Some commenters expressed concern about ingredients and toppings, such as salt,caramel, cheese, and butter, sometimes served with popcorn. NSLP operators must ensure that any oil or fat used to pop the popcorn is included in the nutrient profile. The dietary specifications for calories, saturated fat, and sodium will limit the use of added ingredients in the NSLP.
Unlike the school meal programs, CACFP and SFSP do not have specific quantitative requirements for calories, saturated fat, and sodium. Thus, when popcorn is served in CACFP and/or SFSP, FNS encourages Program operators to limit the use of toppings such as salt, caramel, cheese, and butter that add sodium, sugar, or saturated fat. Although these toppings are not prohibited, FNS strongly encourages healthier alternatives, including seasoning the popcorn with herb blends or serving fresh, plain popcorn. Program operators are to use their discretion in determining if a certain popcorn product or recipe is perceived to be a grain-based dessert and to follow the guidance in place for grain-based desserts accordingly.

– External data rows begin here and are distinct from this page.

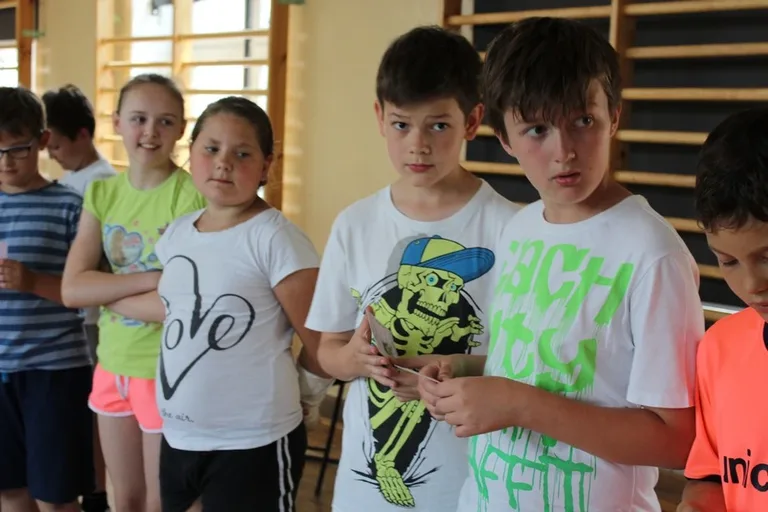 Uczniowie "Jedynki" z kartami rowerowymi (zdjęcia)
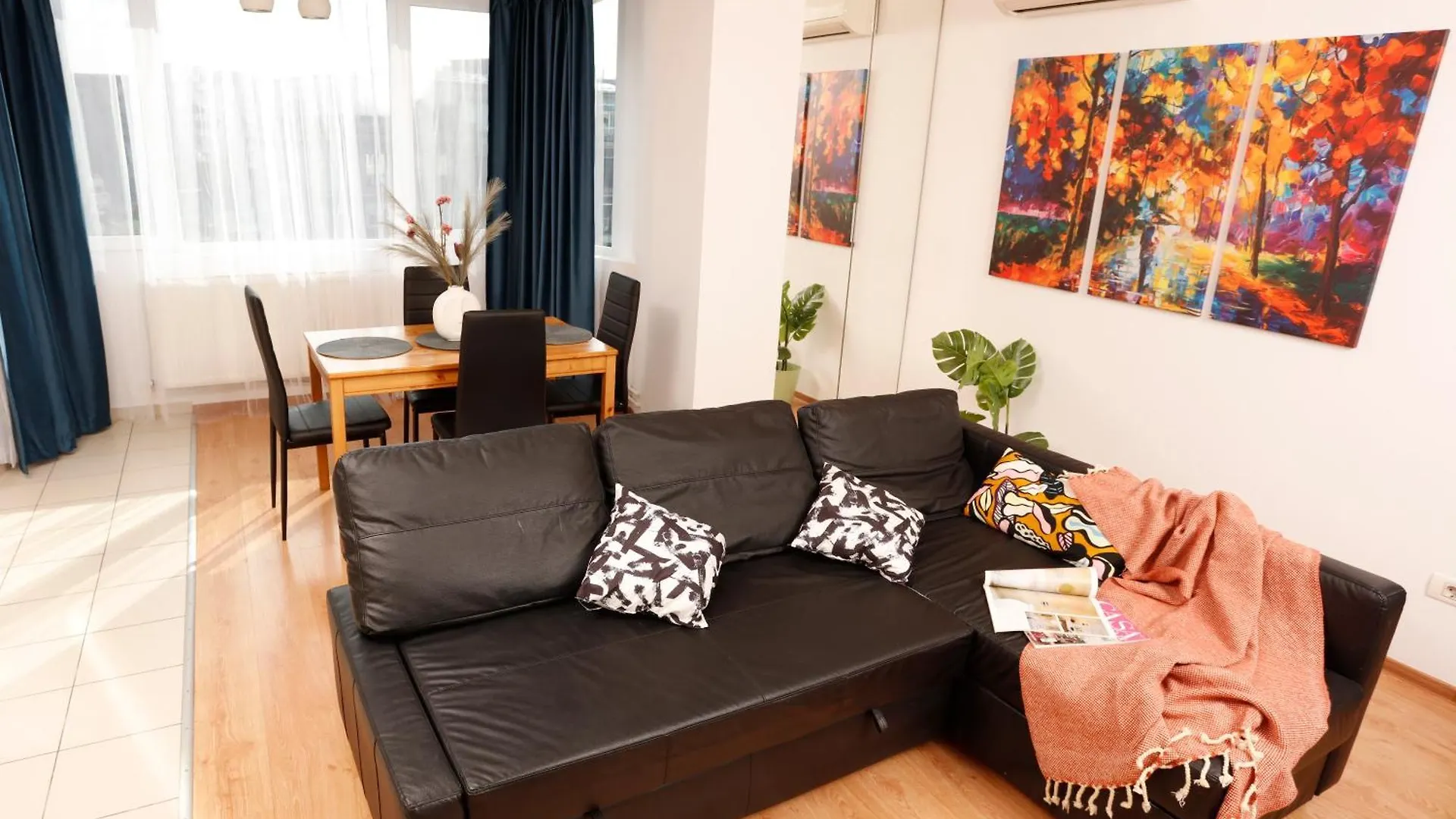 Enchanting Retreat - Historic Old Town - Pet-Friendly Haven - Steps From Unirii Bucarest Romania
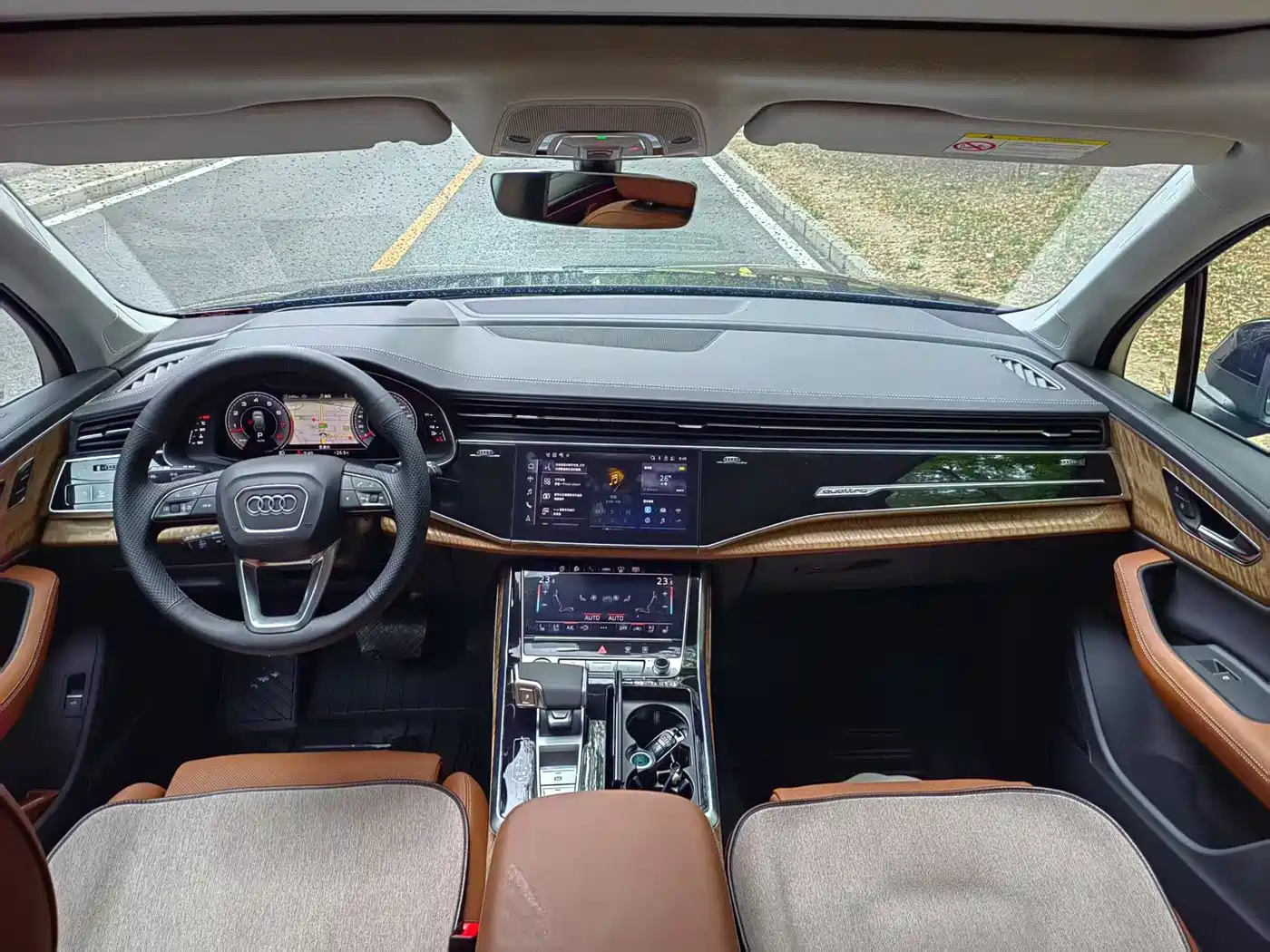 AUDI Q7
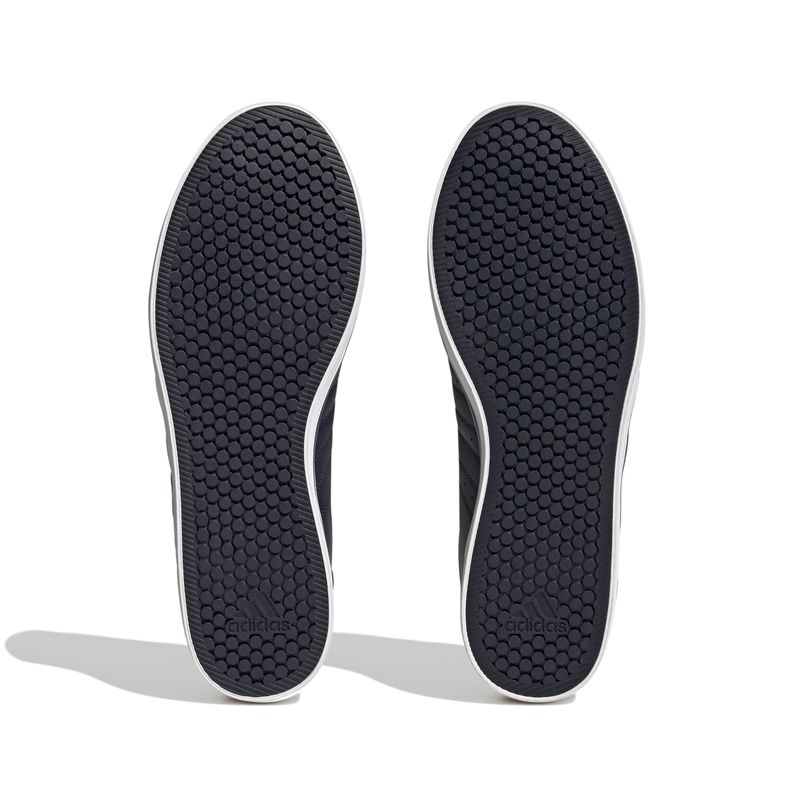 HP6011_4_FOOTWEAR_Photography_Bottom-View_white.jpg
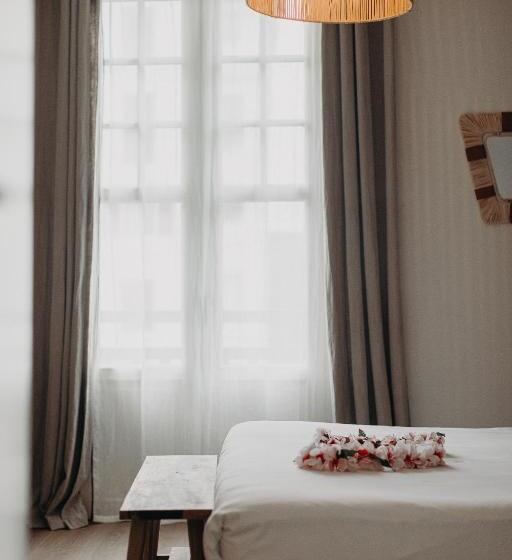 חדר דלוקס צדדי נוף לים, Hôtel Palmito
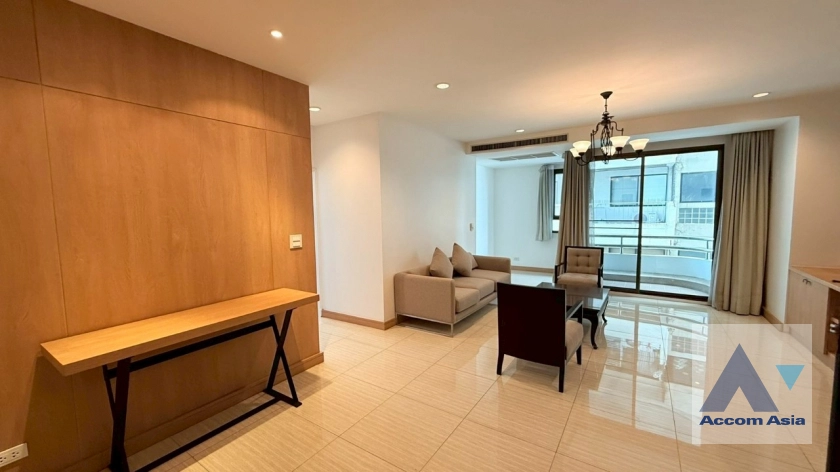 unit 2 Bedrooms  Apartment For Rent in Sukhumvit, Bangkok  near BTS Ekkamai (AA42053)
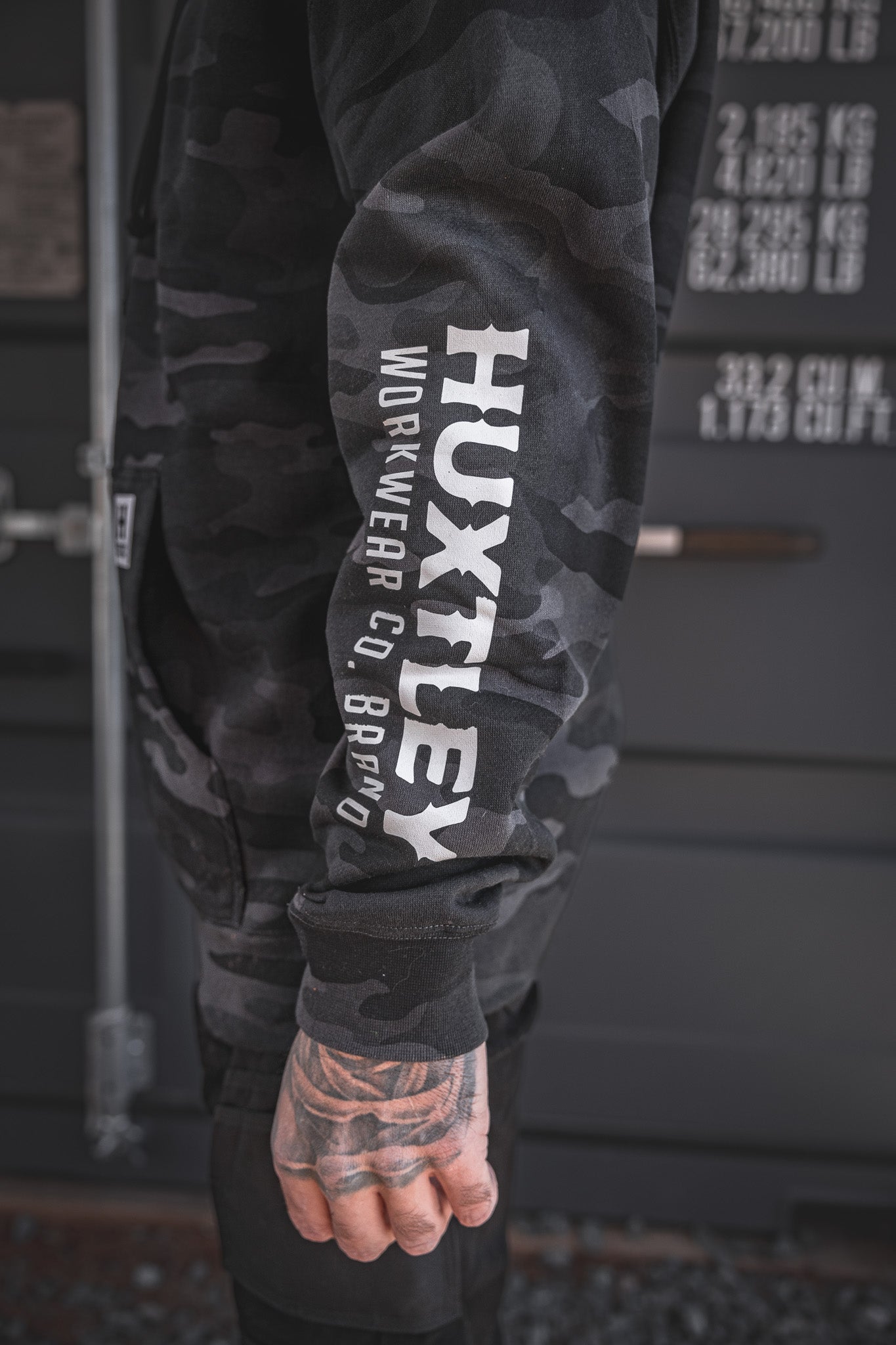 HX-717 Heavyweight Hoodie Black Camo – Huxtley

In addition, to prevent the risk of choking, program operators must consider the developmental readiness of children and the ability of disabled or older adults to swallow safely when deciding whether to offer popcorn. This consideration is especially important for program operators that serve young children.
FNS remains committed to simplifying menu planning for CNP operators, promoting the efficient use of program funds, and ensuring program operators and participants have a wide variety of nutritious and appealing food choices. We recognize that crediting decisions have an impact on schools, child care centers, adult day care centers, day care homes, the food industry, and most importantly, participating children and adults. The agency is committed to staying up-to-date with the evolving food and nutrition environment through continued engagement with a variety of stakeholders. Through these efforts, FNS will work to maximize the availability of wholesome food options while minimizing administrative burden in the CNPs.
State agencies are reminded to distribute this memorandum to program operators. Program operators should direct any questions concerning this guidance to their state agency. State agencies with questions should contact the appropriate FNS regional office.